**Task details**. Reproduce all entries verbatim, with nothing added or dropped.

START Data for review

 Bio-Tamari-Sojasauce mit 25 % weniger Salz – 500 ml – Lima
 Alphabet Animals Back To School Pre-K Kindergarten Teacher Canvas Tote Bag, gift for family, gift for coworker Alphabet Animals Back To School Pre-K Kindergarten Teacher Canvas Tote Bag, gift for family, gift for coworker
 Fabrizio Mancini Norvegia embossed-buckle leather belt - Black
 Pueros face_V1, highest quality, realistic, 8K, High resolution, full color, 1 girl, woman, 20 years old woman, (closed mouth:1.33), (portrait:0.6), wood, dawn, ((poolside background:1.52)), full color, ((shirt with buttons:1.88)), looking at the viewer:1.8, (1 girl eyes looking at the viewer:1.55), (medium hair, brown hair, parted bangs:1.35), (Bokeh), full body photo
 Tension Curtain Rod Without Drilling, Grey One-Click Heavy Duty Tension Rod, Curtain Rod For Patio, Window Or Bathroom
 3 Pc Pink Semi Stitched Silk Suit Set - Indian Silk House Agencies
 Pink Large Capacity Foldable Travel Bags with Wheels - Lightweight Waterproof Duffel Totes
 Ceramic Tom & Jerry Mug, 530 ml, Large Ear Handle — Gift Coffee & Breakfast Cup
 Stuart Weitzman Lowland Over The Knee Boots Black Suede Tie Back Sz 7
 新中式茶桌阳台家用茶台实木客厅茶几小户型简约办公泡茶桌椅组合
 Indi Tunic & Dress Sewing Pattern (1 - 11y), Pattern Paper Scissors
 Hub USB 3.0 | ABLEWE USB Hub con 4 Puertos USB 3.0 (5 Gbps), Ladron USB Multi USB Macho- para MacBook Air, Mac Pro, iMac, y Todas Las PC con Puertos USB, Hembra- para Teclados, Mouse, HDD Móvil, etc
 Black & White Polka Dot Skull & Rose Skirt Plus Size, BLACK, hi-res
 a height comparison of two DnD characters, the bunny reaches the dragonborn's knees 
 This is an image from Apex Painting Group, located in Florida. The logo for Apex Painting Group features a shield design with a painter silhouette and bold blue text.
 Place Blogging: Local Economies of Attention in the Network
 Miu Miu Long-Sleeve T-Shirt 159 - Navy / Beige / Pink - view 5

END Data for review

**Answer space**.
 Bio-Tamari-Sojasauce mit 25 % weniger Salz – 500 ml – Lima
 Alphabet Animals Back To School Pre-K Kindergarten Teacher Canvas Tote Bag, gift for family, gift for coworker Alphabet Animals Back To School Pre-K Kindergarten Teacher Canvas Tote Bag, gift for family, gift for coworker
 Fabrizio Mancini Norvegia embossed-buckle leather belt - Black
 Pueros face_V1, highest quality, realistic, 8K, High resolution, full color, 1 girl, woman, 20 years old woman, (closed mouth:1.33), (portrait:0.6), wood, dawn, ((poolside background:1.52)), full color, ((shirt with buttons:1.88)), looking at the viewer:1.8, (1 girl eyes looking at the viewer:1.55), (medium hair, brown hair, parted bangs:1.35), (Bokeh), full body photo
 Tension Curtain Rod Without Drilling, Grey One-Click Heavy Duty Tension Rod, Curtain Rod For Patio, Window Or Bathroom
 3 Pc Pink Semi Stitched Silk Suit Set - Indian Silk House Agencies
 Pink Large Capacity Foldable Travel Bags with Wheels - Lightweight Waterproof Duffel Totes
 Ceramic Tom & Jerry Mug, 530 ml, Large Ear Handle — Gift Coffee & Breakfast Cup
 Stuart Weitzman Lowland Over The Knee Boots Black Suede Tie Back Sz 7
 新中式茶桌阳台家用茶台实木客厅茶几小户型简约办公泡茶桌椅组合
 Indi Tunic & Dress Sewing Pattern (1 - 11y), Pattern Paper Scissors
 Hub USB 3.0 | ABLEWE USB Hub con 4 Puertos USB 3.0 (5 Gbps), Ladron USB Multi USB Macho- para MacBook Air, Mac Pro, iMac, y Todas Las PC con Puertos USB, Hembra- para Teclados, Mouse, HDD Móvil, etc
 Black & White Polka Dot Skull & Rose Skirt Plus Size, BLACK, hi-res
 a height comparison of two DnD characters, the bunny reaches the dragonborn's knees 
 This is an image from Apex Painting Group, located in Florida. The logo for Apex Painting Group features a shield design with a painter silhouette and bold blue text.
 Place Blogging: Local Economies of Attention in the Network
 Miu Miu Long-Sleeve T-Shirt 159 - Navy / Beige / Pink - view 5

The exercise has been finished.